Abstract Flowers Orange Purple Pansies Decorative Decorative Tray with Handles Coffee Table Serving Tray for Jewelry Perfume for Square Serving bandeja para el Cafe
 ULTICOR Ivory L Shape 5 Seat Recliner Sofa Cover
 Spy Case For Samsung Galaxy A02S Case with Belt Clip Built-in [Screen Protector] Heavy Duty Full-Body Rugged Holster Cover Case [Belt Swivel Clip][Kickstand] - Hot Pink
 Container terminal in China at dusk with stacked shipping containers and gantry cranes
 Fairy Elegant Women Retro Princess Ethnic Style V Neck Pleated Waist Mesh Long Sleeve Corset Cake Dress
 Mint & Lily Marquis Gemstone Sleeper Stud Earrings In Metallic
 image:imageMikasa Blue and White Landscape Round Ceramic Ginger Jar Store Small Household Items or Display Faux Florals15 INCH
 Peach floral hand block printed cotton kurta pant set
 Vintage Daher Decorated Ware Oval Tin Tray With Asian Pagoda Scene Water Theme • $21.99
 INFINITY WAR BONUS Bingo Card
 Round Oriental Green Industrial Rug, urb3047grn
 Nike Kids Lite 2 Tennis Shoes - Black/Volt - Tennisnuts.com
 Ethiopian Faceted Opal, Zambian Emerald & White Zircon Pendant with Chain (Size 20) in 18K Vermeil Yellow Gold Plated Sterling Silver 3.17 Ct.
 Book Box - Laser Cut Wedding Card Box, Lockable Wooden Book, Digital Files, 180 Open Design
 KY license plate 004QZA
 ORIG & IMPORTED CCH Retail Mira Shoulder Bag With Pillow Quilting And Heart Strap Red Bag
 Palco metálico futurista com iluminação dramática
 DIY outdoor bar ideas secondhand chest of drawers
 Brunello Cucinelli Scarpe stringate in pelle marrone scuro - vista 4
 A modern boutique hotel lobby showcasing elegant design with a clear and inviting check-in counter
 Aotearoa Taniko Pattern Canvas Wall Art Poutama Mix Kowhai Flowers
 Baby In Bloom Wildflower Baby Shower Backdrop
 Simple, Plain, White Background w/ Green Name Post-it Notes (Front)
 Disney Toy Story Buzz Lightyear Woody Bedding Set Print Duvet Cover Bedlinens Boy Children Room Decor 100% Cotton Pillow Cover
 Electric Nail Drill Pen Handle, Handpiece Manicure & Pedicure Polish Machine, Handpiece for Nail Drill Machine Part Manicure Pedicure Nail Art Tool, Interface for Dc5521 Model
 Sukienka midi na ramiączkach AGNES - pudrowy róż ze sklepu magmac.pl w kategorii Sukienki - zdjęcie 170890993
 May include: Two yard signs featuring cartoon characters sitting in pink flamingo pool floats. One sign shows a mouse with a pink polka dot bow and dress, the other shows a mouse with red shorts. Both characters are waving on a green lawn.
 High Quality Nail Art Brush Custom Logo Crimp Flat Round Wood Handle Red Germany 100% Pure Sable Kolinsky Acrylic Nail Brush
--- --- ---
What needs to be done
Once you have counted every line in the listing that holds the string "Tray", give that number and nothing else.

Result
2